In the good old days, when news was printed on mashed dead trees, editors decided what to print and what to discard. Those decisions on what to print were influenced by the political slant of the newspaper.

This was the generally accepted situation. Why should an Internet publisher be politically unbiased? I don’t think that "Internet publishing is tree-friendly" counts as argument here.

Stephen T. Stone (profile) says:

Re: Re: Re:

All journalism has biases. Someone must decide what to publish, what to distill out of the mass of available data, and what facts to check. The best journalists try to keep their biases in check; the worst journalists make their biases clear and peddle in both mis- and disinformation.

A good journalist tells truth to power, consequences be damned. A bad journalist seeks power instead of truth, facts be damned.

Anonymous Coward says:

Re: Re: Re:2 Re:

I give you some points for that. Everything is so messed up today in the news industry. Who has the best unbiased unslanted scoop today? What news corp actually keeps politics at bay since the centralization of the news in the 90s? It is extremely agitating not being able to know what is truly happening when it all seems so devided.

Anonymous Coward says:

Too bad there’s no way to give the control directly to the user. You know, give us all little applications that filter out what WE, personally do not like – on our own machines – regardless of what is on and not touching anything that is on the website at any time. Like, you know. We could like say No Nazis, No Titties, No, etc., etc. in a personal Censor Assistant File that appends with a click to grab and record the "type", or "flavour" of stuff you want to prevent ever being displayed on your machine again, ever. A text based config file, so you can quickly add URLs you don’t like manually. Or we could add a YN to tell the app to ask you first.

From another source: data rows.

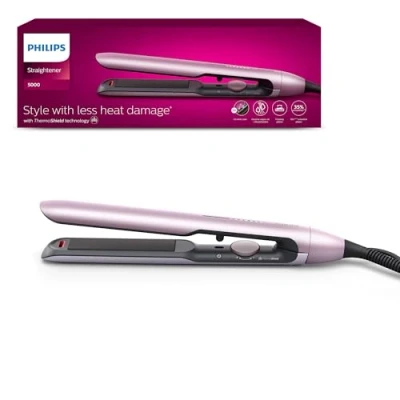 Abbildung von Philips Haarglätter der 5000er Serie mit ThermoShield Technologie, Mauve [Modell BHS530/00]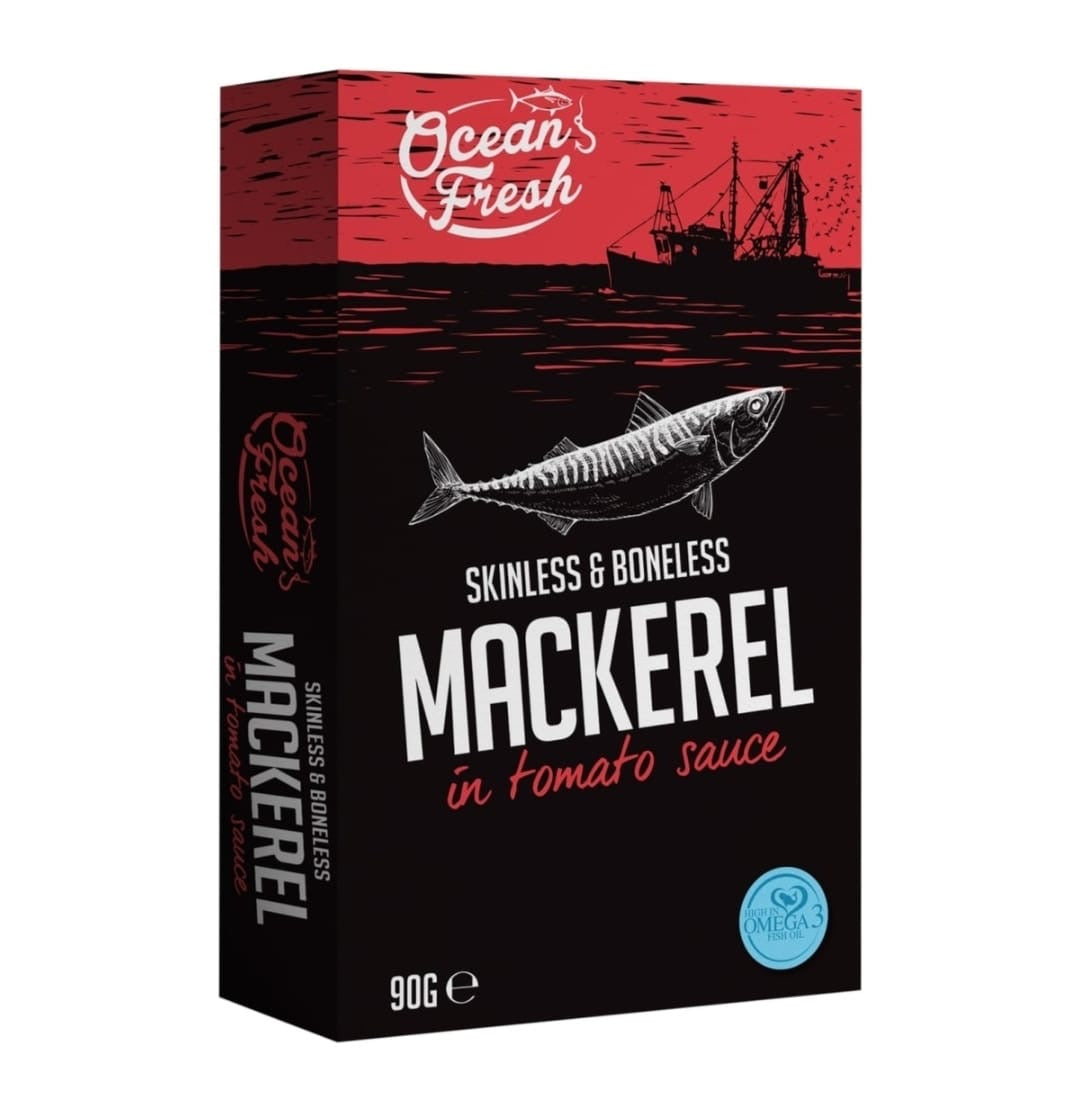Ocean Fresh Mackerel In Tomato Sauce 90g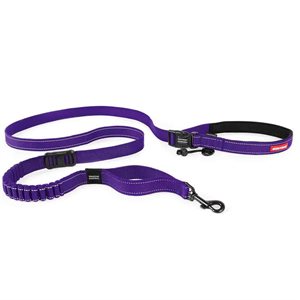 EzyDog Road Runner Dog Running Leash - Purple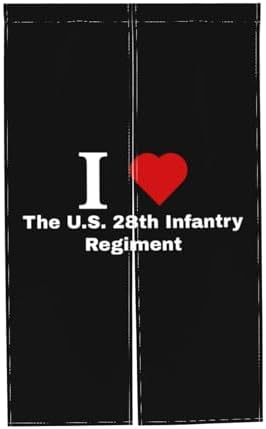 MULIHU 28th Infantry Blackout Curtains 34x56in Doorway Panel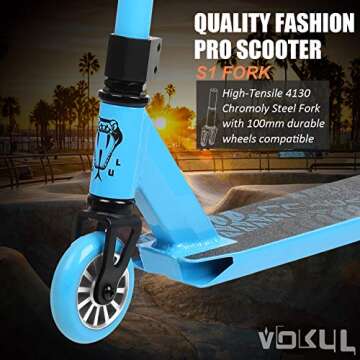 VOKUL S1 Pro Scooters - Beginner Stunt Scooter | Trick Scooter for Kids 7 Years and Up - Durable Freestlye Scooter for Boys and Grils - Nice Color,Durable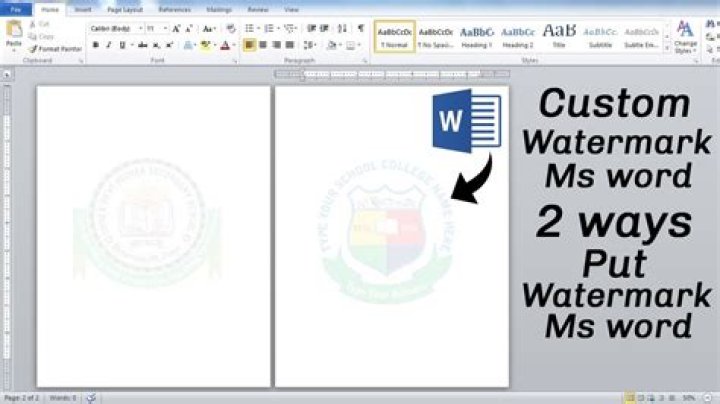 How do you watermark a picture in Word 2013?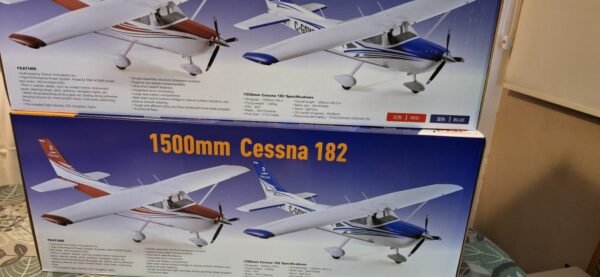 Avión CESSNA 182 FMS de 1500 mm con control remoto rojo - Imagen 8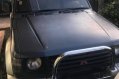 Black Mitsubishi Pajero 2003 for sale in Davao City -1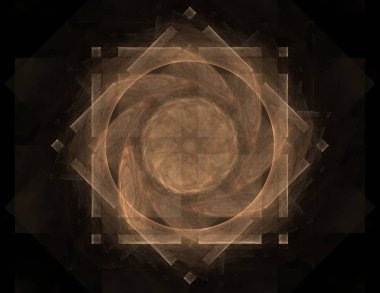 Uzay serisi geometrisini. Görsel olarak çekici zemin kavramsal Izgaralar eğrileri ve fraktal öğeleri öğesi olarak uygun yapılmış 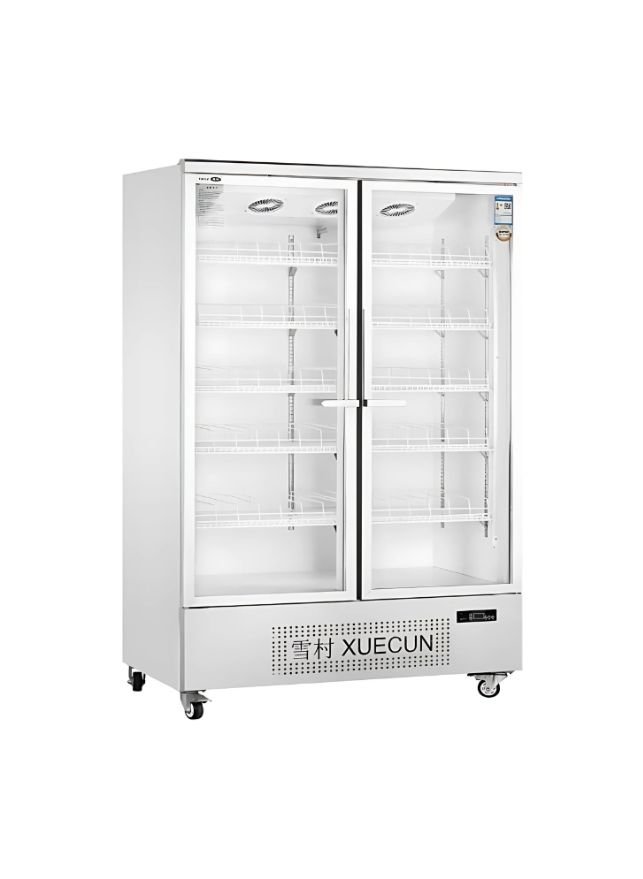 Upright Beverage Cooler – Two Glass Opener Display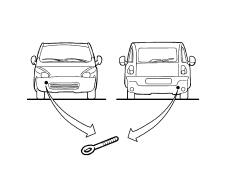 TOWING POINTS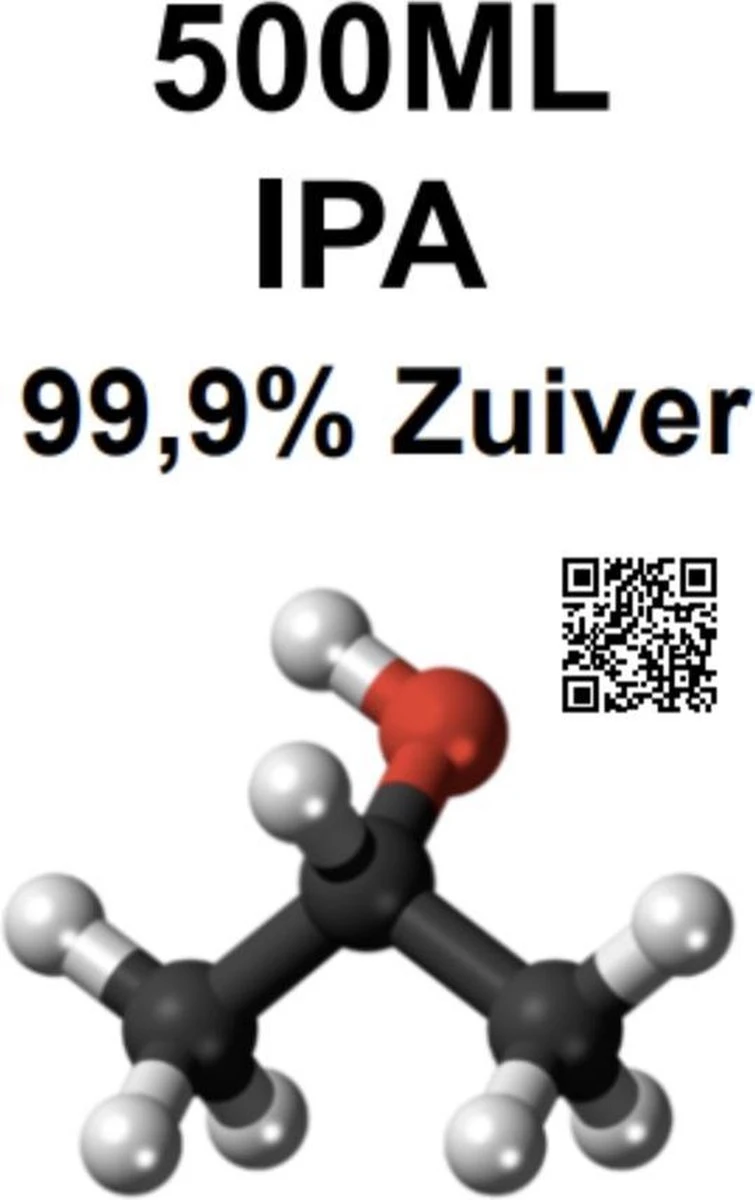 Isopropanol - Isopropyl - Alcohol - IPA - 99,9% zuiver - 500ml Isopropanol - Isopropyl - Alcohol - IPA - 99,9% Zuiver - 500ml -bol winkel 755x1200 3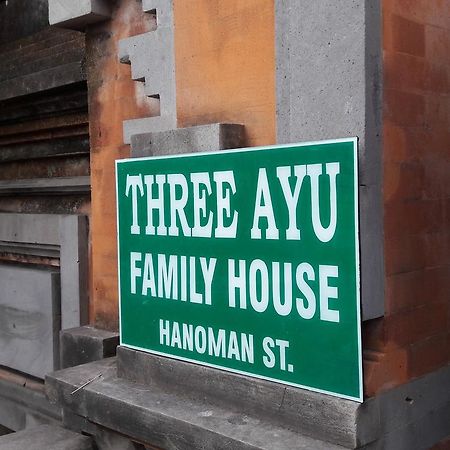 Bed and Breakfast Three Ayu Family House Ubud Exterior foto
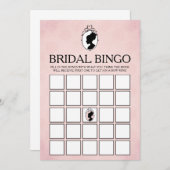 Viktorianische Cameo Brautparty Bingo Game Card Einladung (Vorne/Hinten)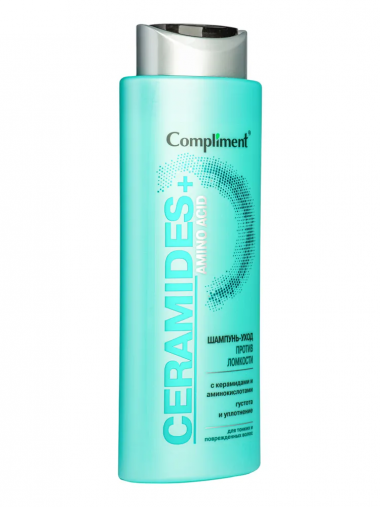 Compliment Recovery ceramides+Amino acid Шампунь-уход против ломкости для тонких и повреждённых волос 400 мл — Makeup market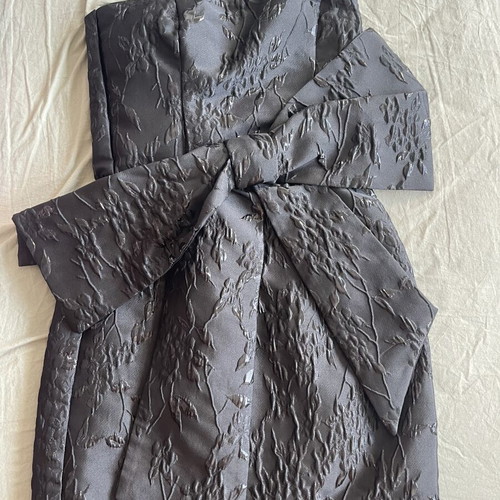 H&M Black Strapless Dress with Bow, Size XS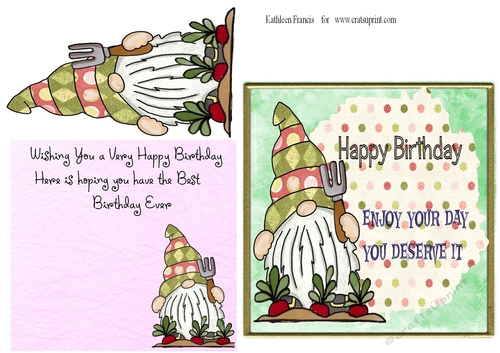 6 X 6 A Gardening Birthday   message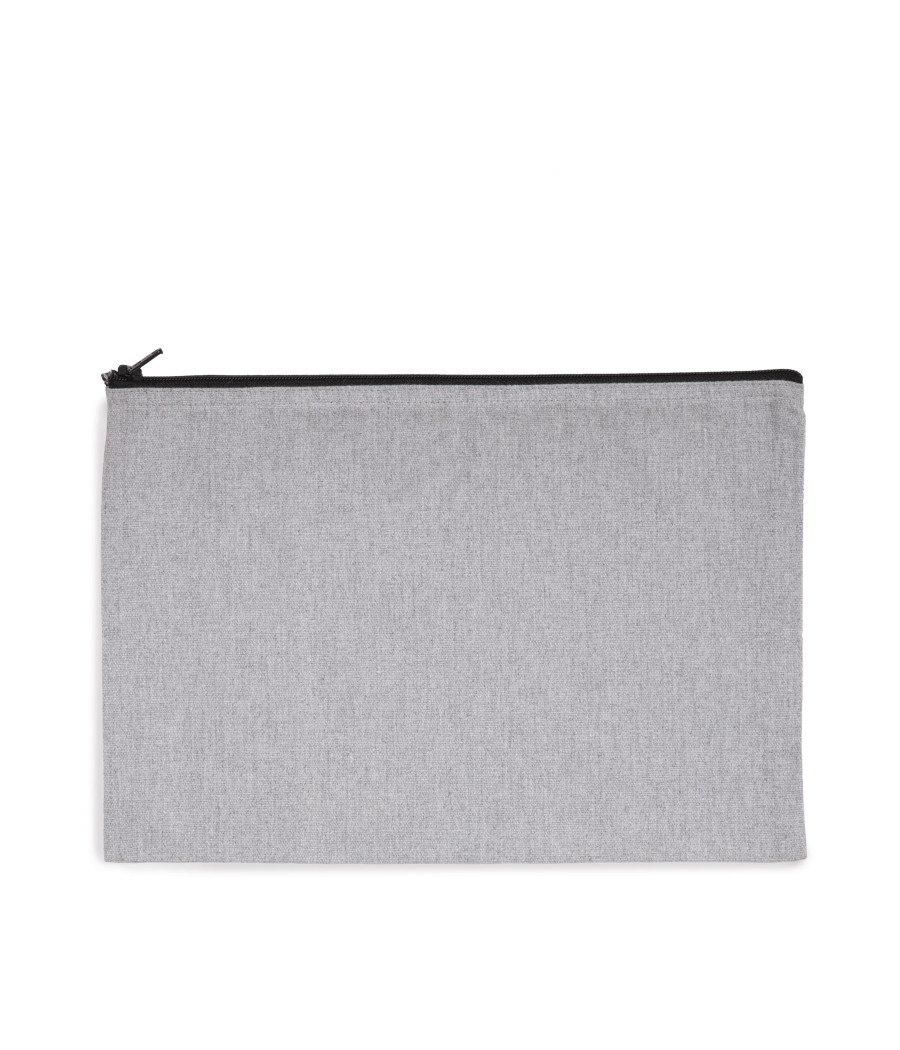 Pochette zippée recyclée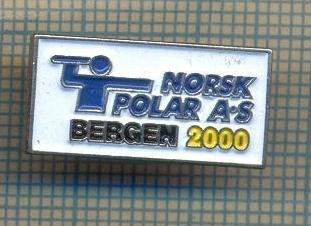 Y 1500 INSIGNA- NORSK POLAR A-S BERGEN 2000 -PENTRU COLECTIONARI foto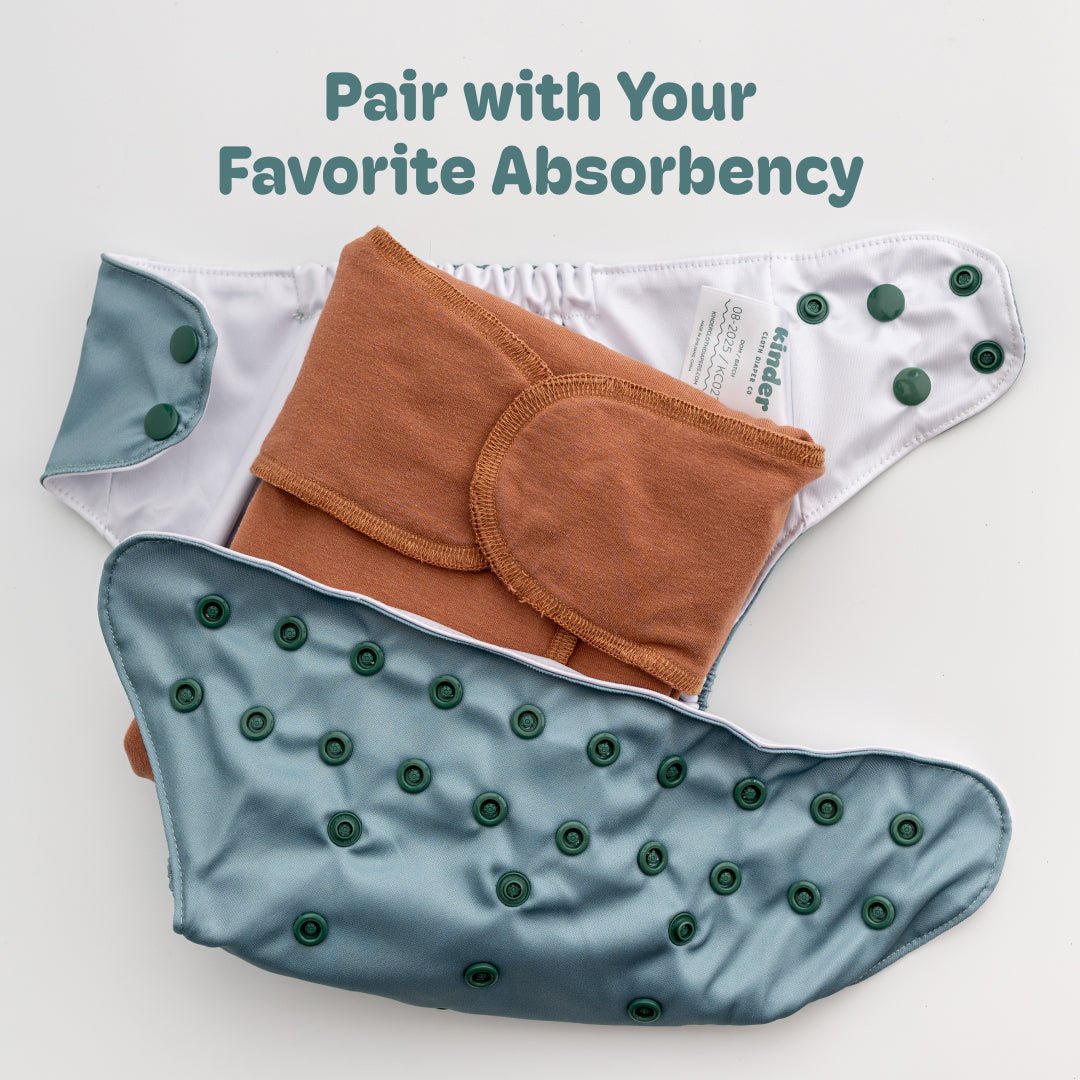 Chestnut - Modern - Cloth - Diapers - Diaper Cover - Kinder Cloth Diaper Co. - Pittsburgh - Based - Small - Business - Woman - Owned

Joe the Nazi gets his daily rascist reinforcement propaganda, as desired, and Joanie the housewife gets nothing but romance/sexless – from the same, un-moderated website.

In this way, no moderation is necessary… or did I miss something?

🙂

Stephen T. Stone (profile) says:

Re:

No Nazis

Good luck reading about World War II or the Wolfenstein video game series, then. Computer filters lack the ability to discern context; a mention of a Nazi on a Wikipedia article is the same as a mention of a Nazi on a White supremacist forum. Hell, this comment itself would probably cause this page to be filtered under a “no Nazis” rule.

You can’t set up filters like the ones you’re suggesting without doing one of two things: filtering a bunch of content you didn’t meant to filter, or spending more time than you’d like to set up those filters in ways that avoid “collateral damage”.

Anonymous Coward says:

Re: Re:

You know, give us all little applications that filter out what WE, personally do not like – on our own machines

That would work with word filters only, but filtering images require more computer power, and data storage than most people can afford. Besides which, that involves people storing that which they find offensive, so that they can hide it from themselves.